-- Data block --
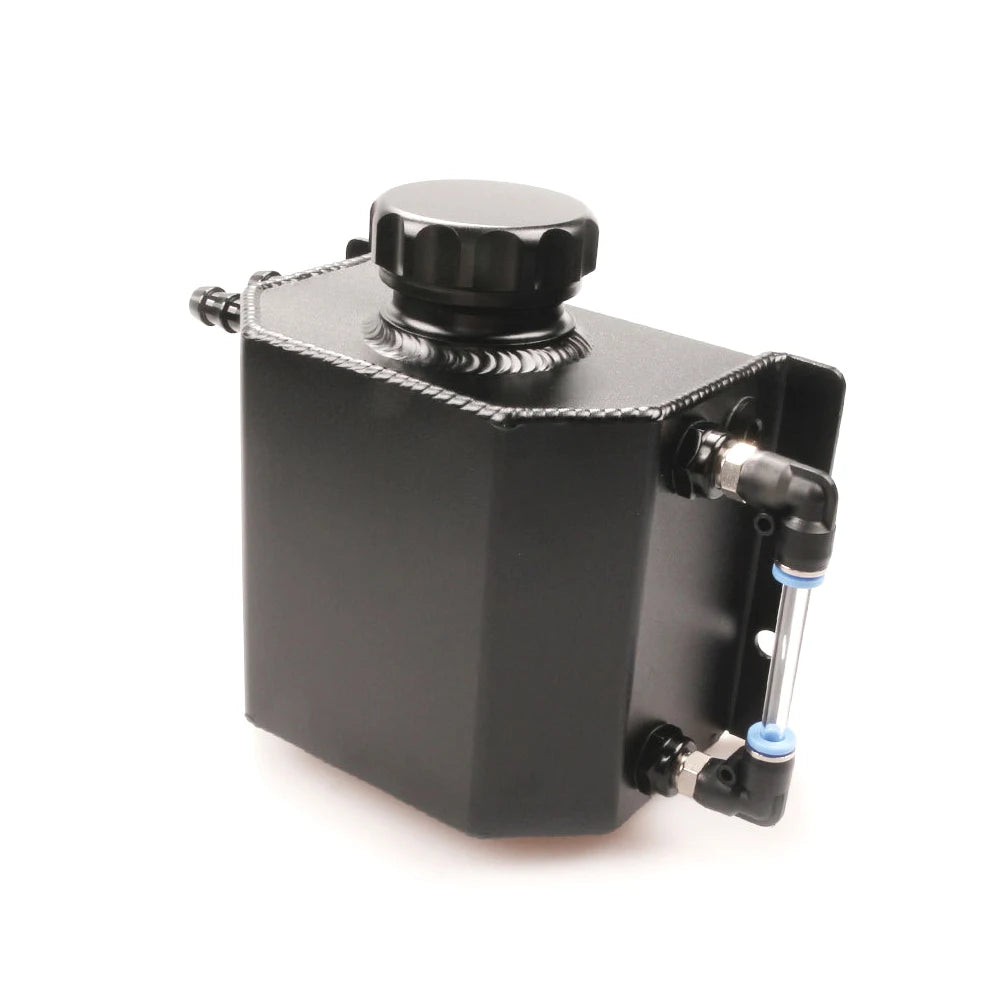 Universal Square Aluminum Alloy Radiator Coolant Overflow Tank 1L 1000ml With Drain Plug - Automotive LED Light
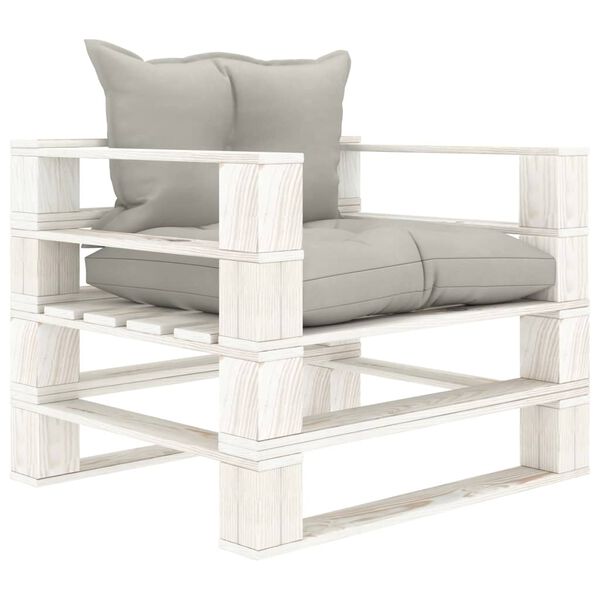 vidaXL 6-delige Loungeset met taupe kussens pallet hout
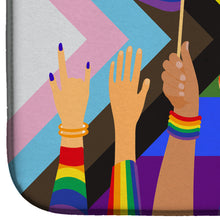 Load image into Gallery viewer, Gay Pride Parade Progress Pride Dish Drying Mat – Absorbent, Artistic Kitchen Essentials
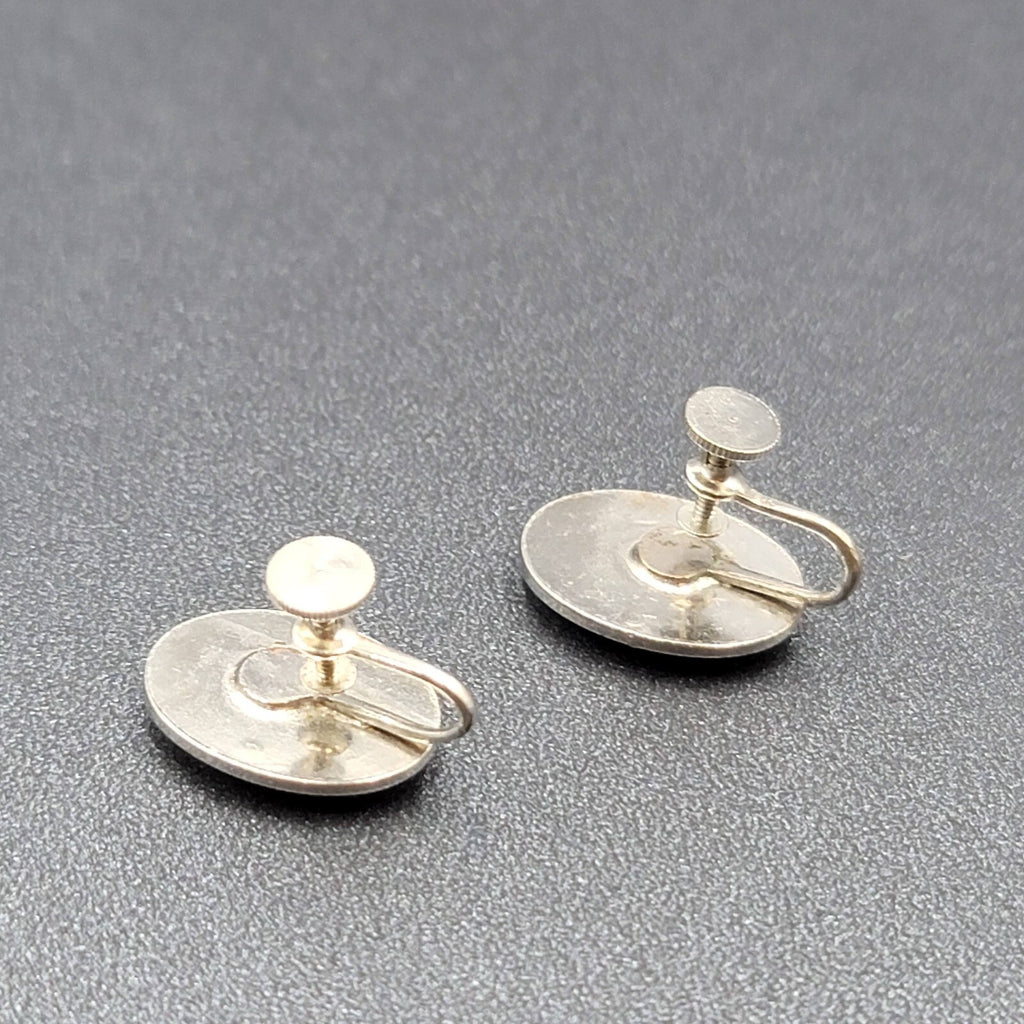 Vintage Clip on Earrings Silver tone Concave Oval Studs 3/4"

-- Activity --
Only an exact copy of the lines from the one with "vidaXL 6-delige Loungeset" through the last line of the listing should be given; pictures must not be included.

-- Response to this task --
 vidaXL 6-delige Loungeset met taupe kussens pallet hout
 Load image into Gallery viewer, Gay Pride Parade Progress Pride Dish Drying Mat – Absorbent, Artistic Kitchen Essentials
 Vintage Clip on Earrings Silver tone Concave Oval Studs 3/4"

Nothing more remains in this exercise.